Seminars & Colloquia
IBM T. J. Watson Research Center
"System support for large-scale on-line data analysis "
Friday April 13, 2007 10:00 AM
Location: 3211, EB II NCSU Centennial Campus
(Visitor parking instructions)
This talk is part of the System Research Seminar series
Abstract: On-line data analysis has become increasingly important as many emerging applications call for sophisticated real-time processing over data streams, such as stock trading surveillance, sensor data analysis, network traffic monitoring, and video surveillance. One major challenge for large-scale on-line data analysis is to provide a scalable and resilient system infrastructure that can support computation-intensive continuous queries over high-volume and time-varying data streams. In this talk, I will present several new system management techniques to address the challenge. First, I will present an adaptive load diffusion system for multi-way windowed stream join (MWSJ), a core operator in continuous query systems. The MWSJ operator can be used to discover correlations across different streaming sources, which has many important applications in video surveillance, network intrusion detection, and sensor monitoring. The load diffusion system can adaptively scale-up stream join processing based on stream rate changes while preserving the accuracy of stream join results. Second, I will present a distributed stream processing overlay system that can achieve quality-aware, load balanced, and self-healing stream processing application composition over wide-area networks in a fully distributed and self-organizing fashion. Our experiment results via real prototype implementation and extensive simulations show the feasibility and efficiency of our systems. Finally, I will also briefly mention my other research work in large-scale networked systems and mobile systems including adaptive multi-source stream dissemination, multi-attribute range query in overlay networks, software failure predictions for cluster systems, and adaptive application offloading for resource-constrained mobile devices.
Short Bio: Xiaohui Gu is currently a research staff member at IBM T. J. Watson Research Center, New York.

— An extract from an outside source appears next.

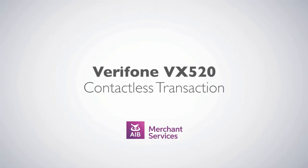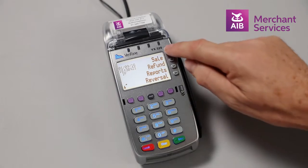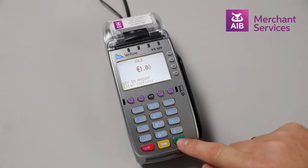Completing a contactless transaction on the Verifone VX520. Select Sale from the main menu. Key in the amount of the transaction and press Enter.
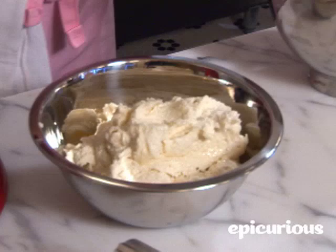Hi, I'm Bobbi Lloyd at Magnolia Bakery. Today we are going to make creamy vanilla icing for our red velvet cupcakes.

Her general research interests include distributed systems, operating systems, and computer networks with a current focus on large-scale data stream processing, autonomic system management using machine learning methods, peer-to-peer systems, and mobile systems. She received ILLIAC fellowship, David J. Kuck Best Master Thesis Award, and Saburo Muroga Fellowship from University of Illinois at Urbana-Champaign. She received IBM first Invention Award on 2004, and first Invention Plateau Award on 2006. She has served program committee and/ organizing committee in PerCom 2006-07, RTSS 2006, ICPS 2005-07, ACM Multimedia 2005 service composition workshop, ACM Multimedia Modeling Conference 2006, ICDE 2007 AIMS workshop. She received her PhD degree in 2004 and MS degree in 2001 from the Department of Computer Science, University of Illinois at Urbana-Champaign. She received her BS degree in computer science from Peking University, Beijing, China.
Host: Xiaosong Ma, Department of Computer Science